→ **THE PROBLEM**
Transcribe every line from the one containing "Darjeeling Girls_und_Panzer" through the end of the records below, exactly, but not the pictures.

→ **THE DATA**
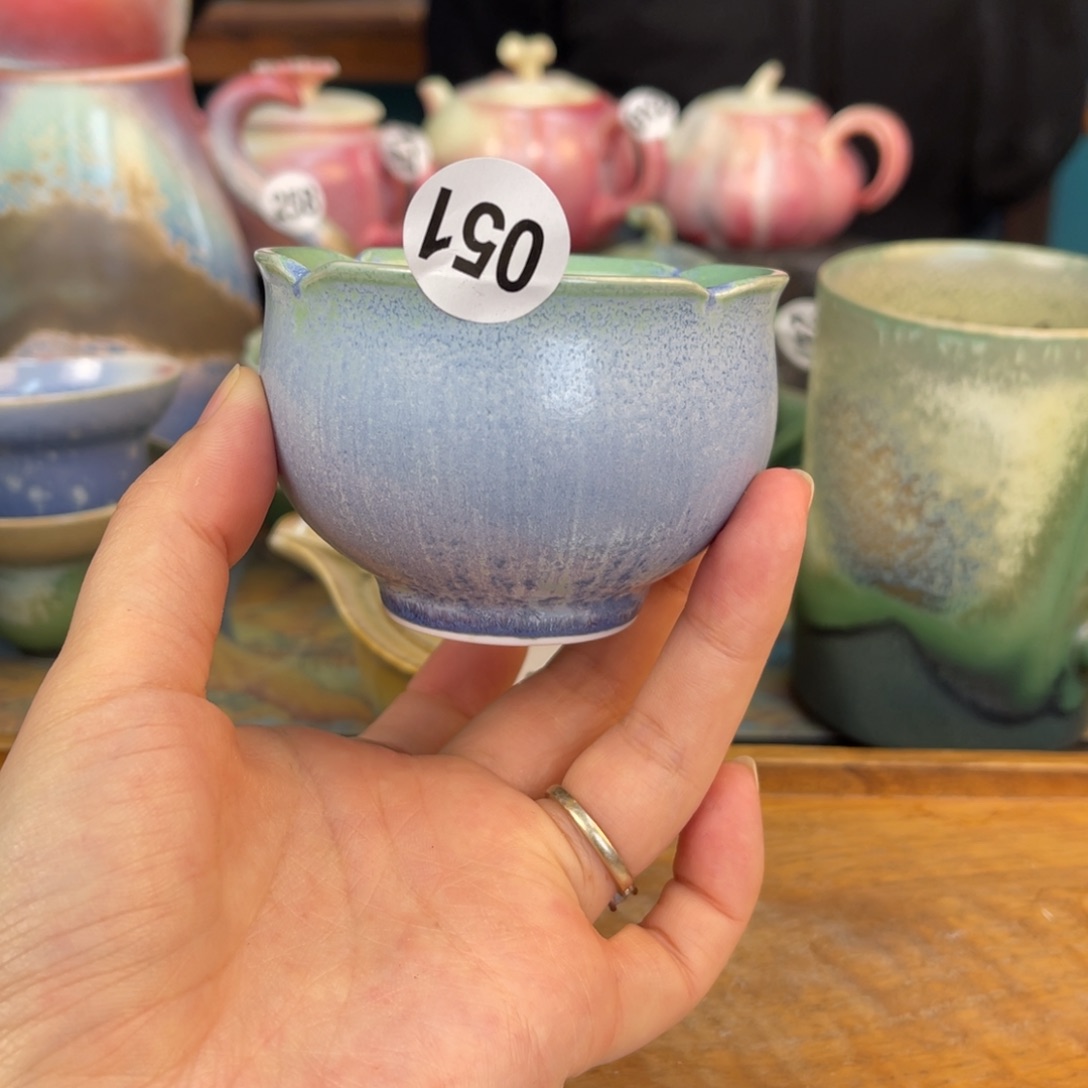 摆件木夕陶瓷手工茶器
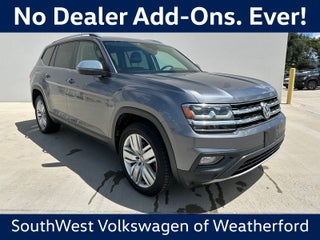 2019 Volkswagen Atlas 3.6L V6 SE w/Technology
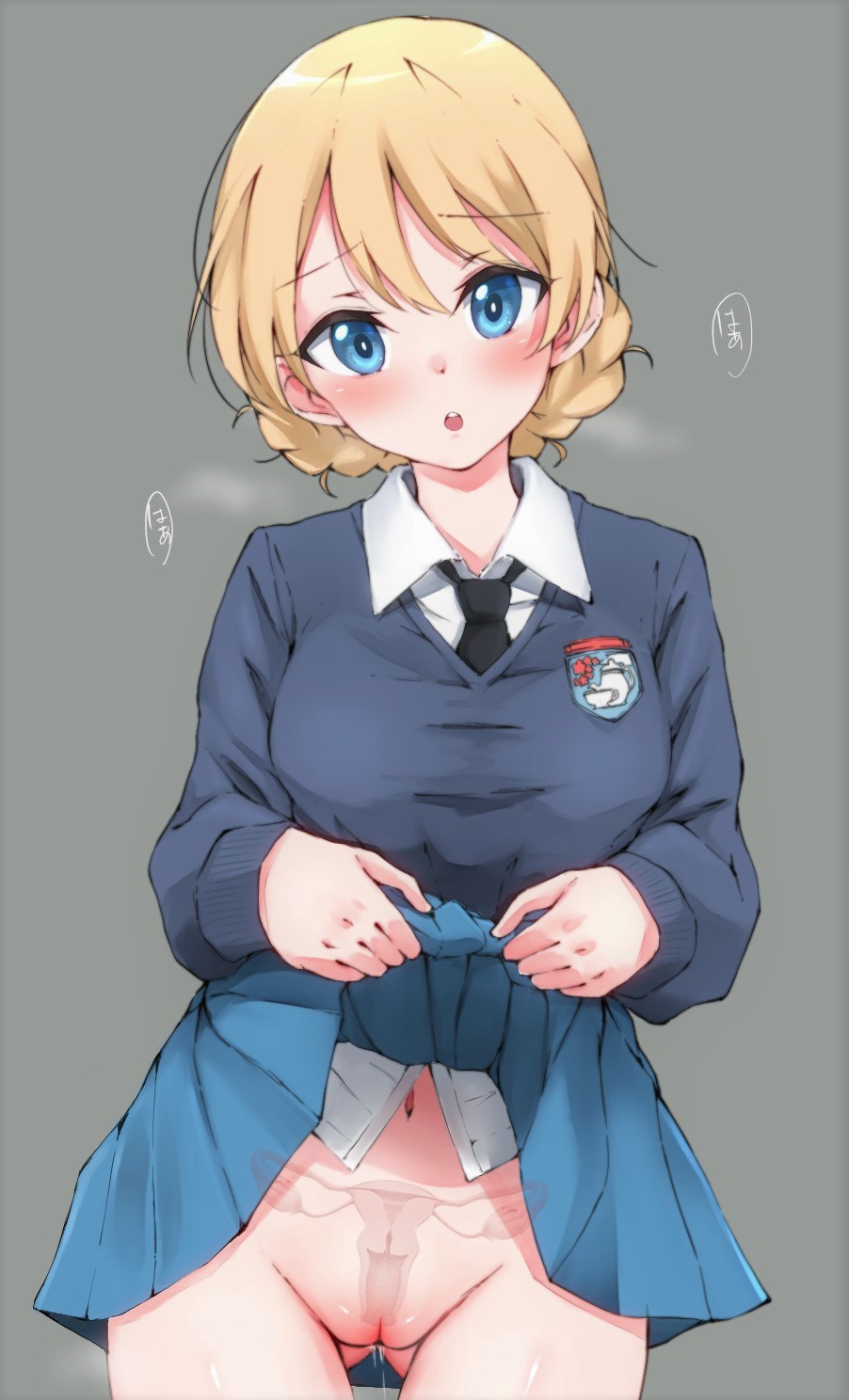 Darjeeling Girls_und_Panzer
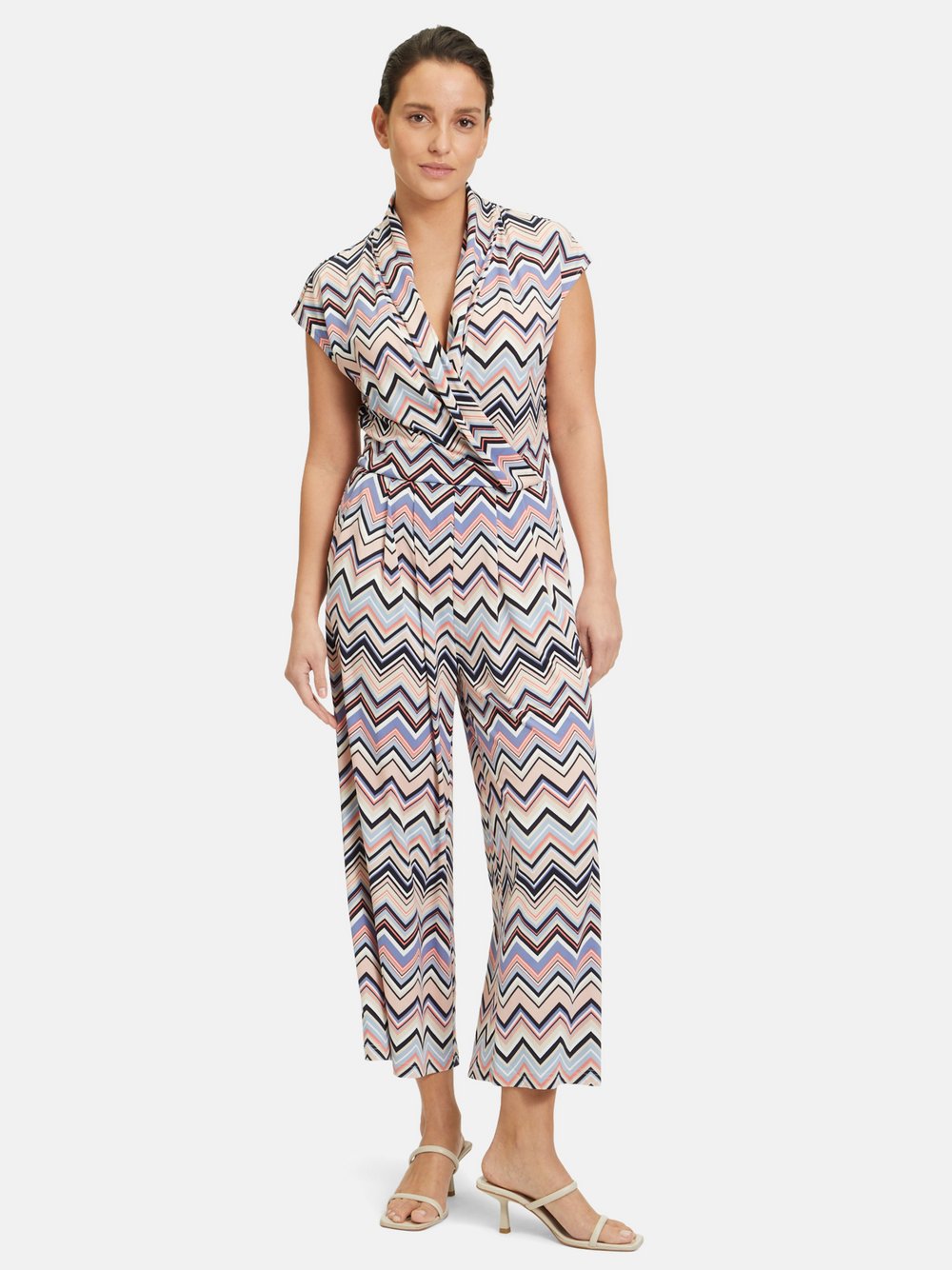 Betty Barclay Jumpsuit Damen mehrfarbig gemustert, 38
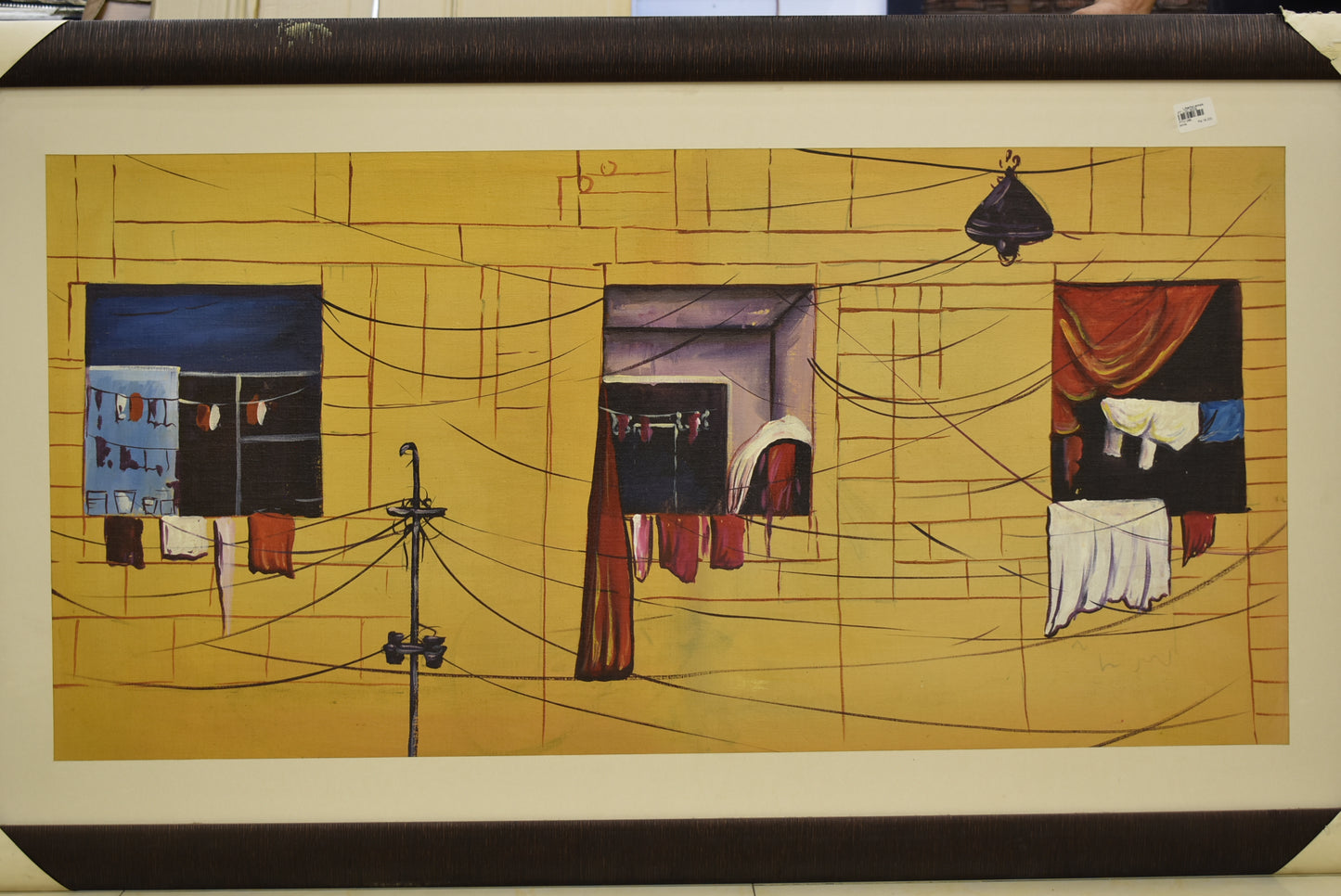 🎨 Mystic Abstraction – Oil Painting (Single)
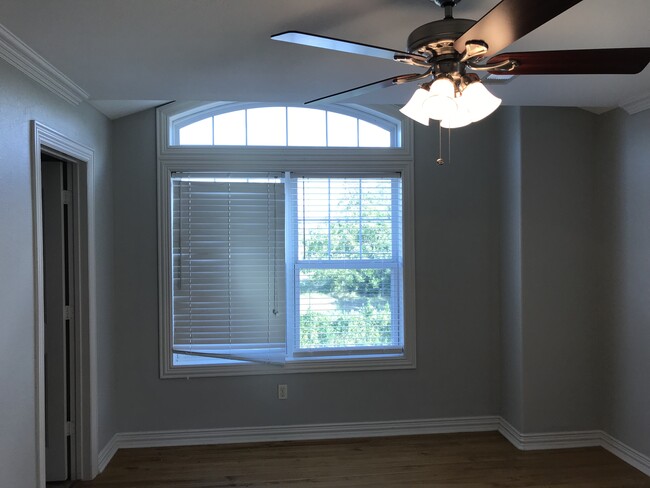 upstairs: master bedroom - 606 South A Ave.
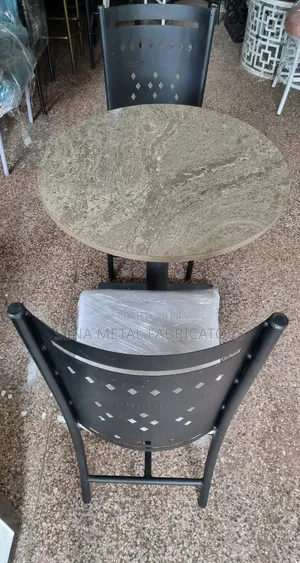 Restaurant Set a Table With 2 Chairs
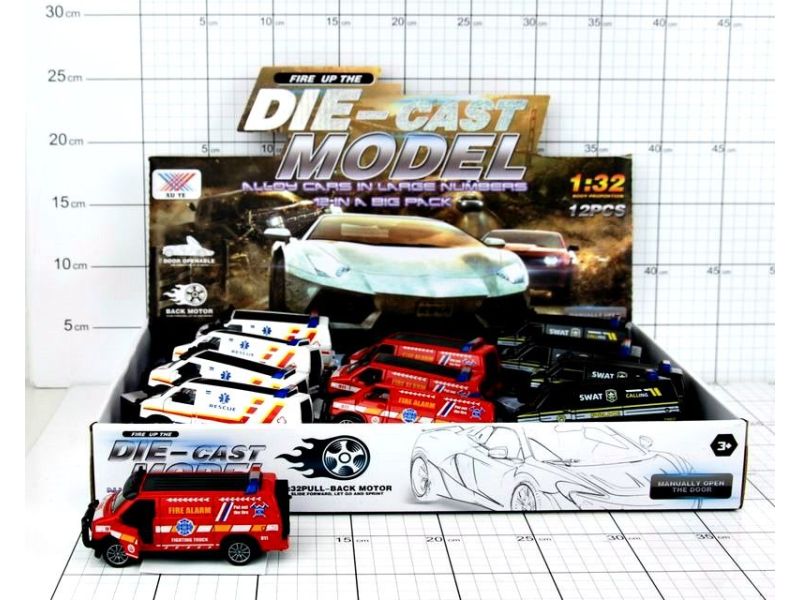 AUTO METAL SLUZBY A12 2584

→ **RESPONSE TO THE TASK**
 Darjeeling Girls_und_Panzer
 Betty Barclay Jumpsuit Damen mehrfarbig gemustert, 38
 🎨 Mystic Abstraction – Oil Painting (Single)
 upstairs: master bedroom - 606 South A Ave.
 Restaurant Set a Table With 2 Chairs
 AUTO METAL SLUZBY A12 2584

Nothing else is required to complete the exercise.